A Sra. Maria Assunção Esteves (PSD): - Sr. Deputado, eu acho que o problema desta alínea proposta pelo PCP não é o facto de ela ser incompleta. Pelo contrário, ela exorbita das boas regras da técnica constitucional. Porquê? A segunda parte da alínea d) aponta ao deputado o dever de dar seguimento às reclamações, queixas e representações que lhe sejam dirigidas. É que o artigo 52.°, ao referir o direito de reclamação, queixa ou representação, refere como destinatários ou como fonte de recebimentos os órgãos de soberania a que se dirigem. Portanto, o dever de responder, que está constitucionalmente consagrado, é um dever da Assembleia da República, como órgão, e não do deputado, como elemento parte da Assembleia da República.

Não pode o PSD, para além das razões que o meu colega referiu e que, com certeza, irá aprofundar, aceitar uma alínea que, além de não trazer nada de novo, do ponto de vista do efeito jurídico que pretenda carrear à discussão, tem uma altíssima deficiência técnica na sua própria formulação, que é essa: não é dever do deputado, mas sim do órgão de soberania, a resposta às reclamações, queixas e representações; é do órgão enquanto tal.

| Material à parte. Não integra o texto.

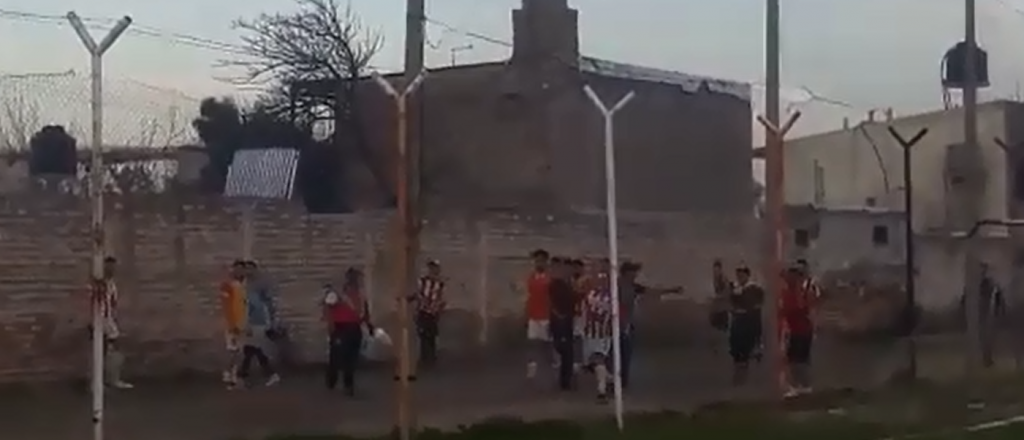 Videos: dos partidos de la liga sancarlina terminaron a las piñas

É assim que o artigo 52.° o diz. A alínea d) exorbita dos termos do artigo 52.°

O Sr. Miguel Macedo e Silva (PSD): - Queria acrescentar o seguinte, dando o meu acordo às afirmações da Sra. Deputada Assunção Esteves: Julgo que este tipo de alínea corresponde a uma visão funcionalista - de funcionário - dos deputados. O que evidentemente não contende, na minha maneira de ver, a função do deputado com o dever que ele tem de informar os cidadãos.

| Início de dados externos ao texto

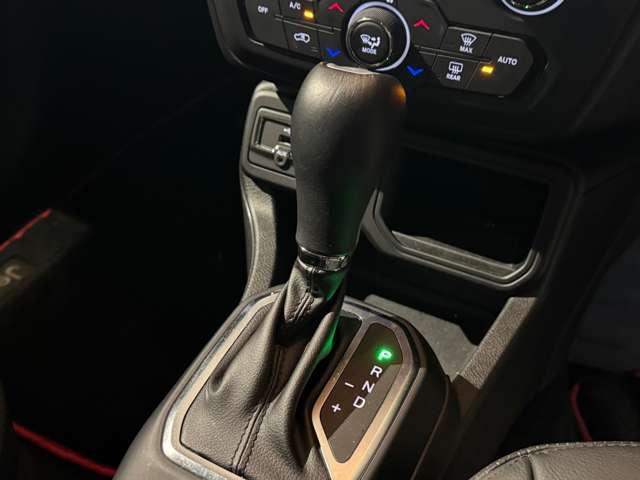 ジープ・レネゲード リミテッド 認定中古車 1オーナー ドラレコ TVチューナー禁煙車 18か月距離無制限保証 レザーシート シートヒーター ハンドルヒーター(18枚目)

Mas, se essa informação deve ser regular e directa, não poderá ser, por exemplo, através de um órgão de comunicação social? Não é uma atitude política do deputado escolher a forma como deve informar o cidadão do andamento dos trabalhos na Assembleia, de qualquer assunto que diga respeito às competências da Assembleia da República? A avaliação do trabalho do deputado não é uma avaliação política? A responsabilidade que o deputado assume quando assume o mandato não é uma responsabilidade política? Esta é a questão que aqui se coloca.

Nesse sentido, julgo que esta proposta do PCP vai ao arrepio deste conteúdo essencial do mandato do deputado, que é um conteúdo eminentemente político. E é nesse sentido, e só nesse sentido, que eu não estou de acordo, mas não tem a ver com a informação concreta.

O Sr. Presidente: - Lembro a V. Exa. que este assunto foi discutido oportunamente, talvez com menos palavras do que aquelas que estamos a gastar agora. Não podemos reiniciar uma discussão que dure a tarde toda.

Penso que esta proposta tem duas partes distintas, que são o dever de informar e o dever de dar seguimento. Quanto ao dever de dar seguimento, pela nossa parte, achamos que o que propomos no artigo 181.° chega e cresce - é o problema da discussão no Plenário, o de haver uma comissão para as petições, et cetera. Portanto, nesta parte tenderíamos a abstermo-nos.

Relativamente ao dever de informar, tenho muita dúvida sobre a exequibilidade deste dever. Primeiro, sobre a forma como o deputado informa os cidadãos. Quais cidadãos? Os que o elegeram? Todos os cidadãos, ou apenas os que o elegeram? A verdade é que ele representa o País e não aqueles que o elegeram.